You wait years for no good news, and just like buses, loads turns up at once. Well, maybe not 'loads' but enough to feel like a small oasis has been found in a desert of club closures, license changes and hiking door prices. The government has spoken, the trade unions have reached an agreement, and finally Boris Johnson has acknowledged that there's fuckery afoot in the capital.
Apparently, the night tube is actually happening. Like actually, starting at 6 in the morning and continuing until 6 the next morning; a non stop funnel of efficient transport that will mean never arguing with an Uber driver ever again. (Maybe).
August will see the Jubilee and Victoria lines open for 24 hours, meaning that now you’ll finally be able to submit to that urge of wandering around the Houses of Parliament at night. It also means you’ll be able to access some of London’s finest clubs (Ministry, Phonox, Fire) without worrying about a surge charge ruining your evening.
Bo-Jo’s Night Time Commission
Boris Johnson's done a decent and suggested a ‘Night Time Commission’: a six-month investigation into how to protect the capital’s late night-early morning trade. Accepting that “there is insufficient oversight for the way it [the night time economy] is managed”, the report will dig around the under looked reasons behind why our night time economy has taken such a beating recently.
Its findings will be explored in Autumn 2016, hopefully to coincide with the night tube.
Possible night czars
Sadiq Khan slipped the term ‘night czar’ in right at the end of his London Mayor manifesto, using the last few pages to discuss the capital’s steadily declining night time economy. He positions himself as someone who would back a Night Time Commission, and see through any changes that might arise from it. Alongside mentions of soundproofing costs on new developments, he gives us hope for an after hours’ hero whose job it would be to “champion London’s vibrant night-time economy”.

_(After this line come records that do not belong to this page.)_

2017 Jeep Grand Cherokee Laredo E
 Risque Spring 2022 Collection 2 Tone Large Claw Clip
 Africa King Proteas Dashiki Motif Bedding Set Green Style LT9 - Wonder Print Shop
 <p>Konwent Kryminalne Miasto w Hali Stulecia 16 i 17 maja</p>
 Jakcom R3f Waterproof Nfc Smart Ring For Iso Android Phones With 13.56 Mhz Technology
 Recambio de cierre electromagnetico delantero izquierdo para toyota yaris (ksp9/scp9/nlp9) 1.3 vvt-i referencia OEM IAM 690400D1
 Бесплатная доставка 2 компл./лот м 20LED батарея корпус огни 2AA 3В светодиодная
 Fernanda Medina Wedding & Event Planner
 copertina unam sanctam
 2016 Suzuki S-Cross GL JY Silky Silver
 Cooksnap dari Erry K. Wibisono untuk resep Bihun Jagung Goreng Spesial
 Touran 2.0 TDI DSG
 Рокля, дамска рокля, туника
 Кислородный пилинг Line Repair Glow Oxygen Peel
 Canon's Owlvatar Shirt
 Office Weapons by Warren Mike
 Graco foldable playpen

Lets hope that the gloriously titled ‘Night Czar’ will have an in depth knowledge of the best nights on per weekend, as well as JustEat discount codes on tap.
Nondescript Door Prices
Apparently we’re going out clubbing so much less now, that ticket prices are no longer being used to measure inflation. They’ve been struck off a list of ‘everyday items’ that get assessed by a fun sounding group of statisticians who assess rising costs. Does this mean door prices are un-policed territory, free from the eyes of scrutiny? As long as Twitter and a discerning public exist, probably not, but it's a sad testament to the fact that there’s not enough nightclubs left to justify the analysis.
More Expensive Soft Drinks
The newest addition to a potential overhaul in the way we club is directly affected by George Osborne’s brand new sugar tax. Sugary soft drinks (except for pure fruit juices and milk-based bevs) will face a new tax, a cost expected to raise £520 million that might go towards school sport. Does this mean that a vodka red bull is about to surge in price? Probably. Better start getting a taste about screwballs.